Actually, olive oil CAN be used in baking, according to many authorities (although I admit I've never done it), and is recommended by some for health reasons. Check these sites: 

CLICK ME

CLICK ME

The trick, apparently, is to use extra light or light olive oil, not extra virgin or virgin olive oil. Extra light is nearly flavorless and odorless, so it should work fine in most baked goods (especially breads) while retaining the health benefits of olive oil.

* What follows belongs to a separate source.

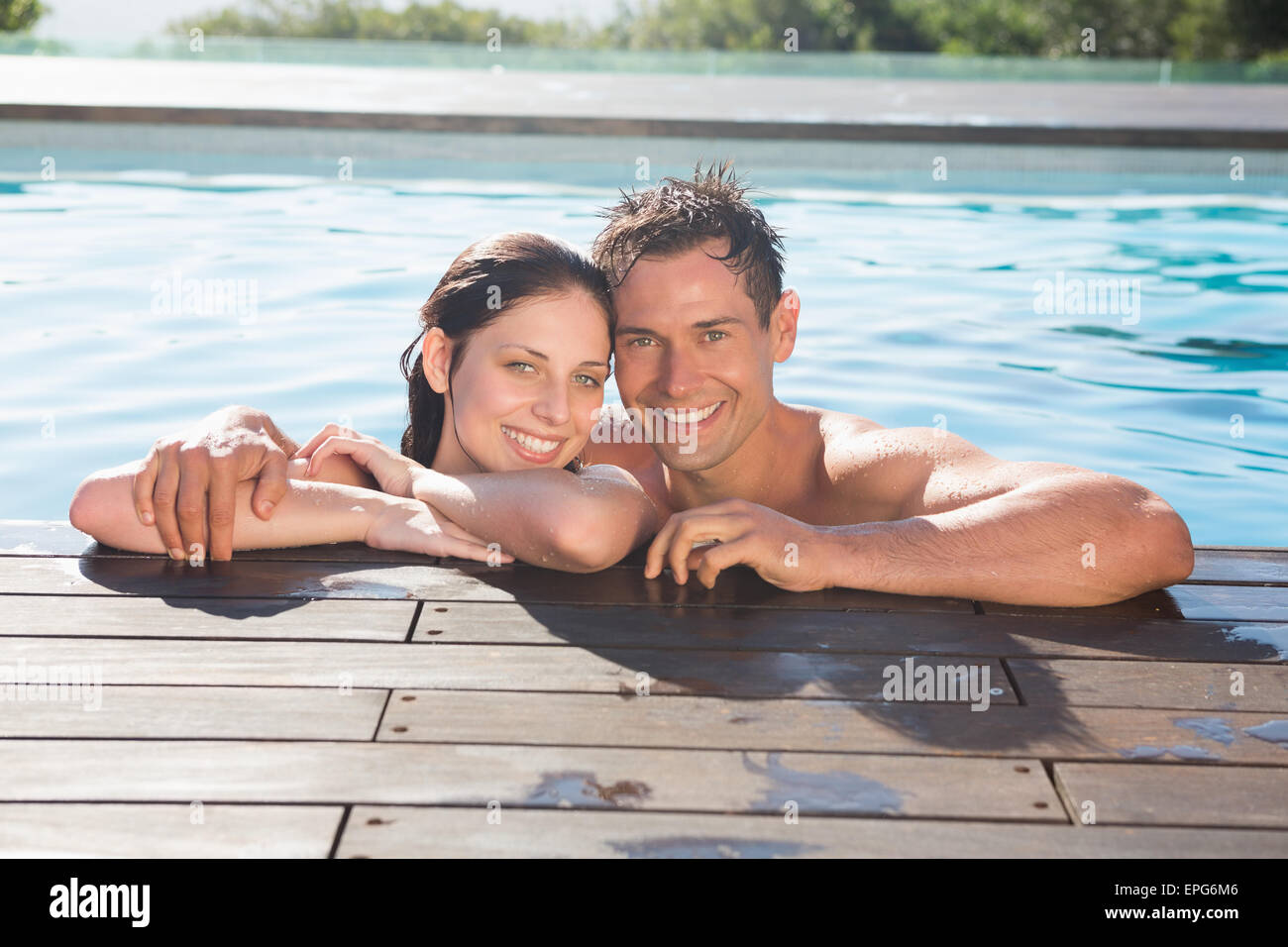 Paar im Schwimmbad an einem sonnigen Tag Stockfoto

There are, in fact, a couple of well-received cookbooks devoted to the subject:

_Olive Oil Baking: Recipes that Increase Good Cholesterol and Reduce Saturated Fat_

_Olive Oil Desserts: Delicious and Healthy Heart Smart Baking_

It may not be the first choice of the reckless gourmet, but it is an alternative for those who are concerned about cholesterol and saturated fats.


----------



## MomsKitchenAndStuff (May 25, 2009)

Thanks for all the responses. I have been using Extra Light Olive Oil in all my recipes...including banana bread, but never noticed a difference. From the last response, I can understand the "Extra Light" had something to do with it  I thought there may be another reason other than just the taste...thanks again!!!!!


----------



## GB (May 25, 2009)

Yeah the only reason is taste. Extra Virgin can have a very strong taste that does not work well with sweet things (think of mixing olives and bananas, yuck). Other olive oils have a much more neutral flavor so they can be used in baking without many issues.


----------



## bigdaddy3k (May 26, 2009)

licia said:


> Our grandaughter made brownies with olive oil when she was a youngster. Her mother said they were awful and it was years before the grandaughter would use olive oil again.


 
Well that wasn't nice!


----------



## jennyema (May 26, 2009)

Extra Virgin olive oil is used quite often in traditional Italian desserts.

Like olive oil cake and the endless riffs on it.


----------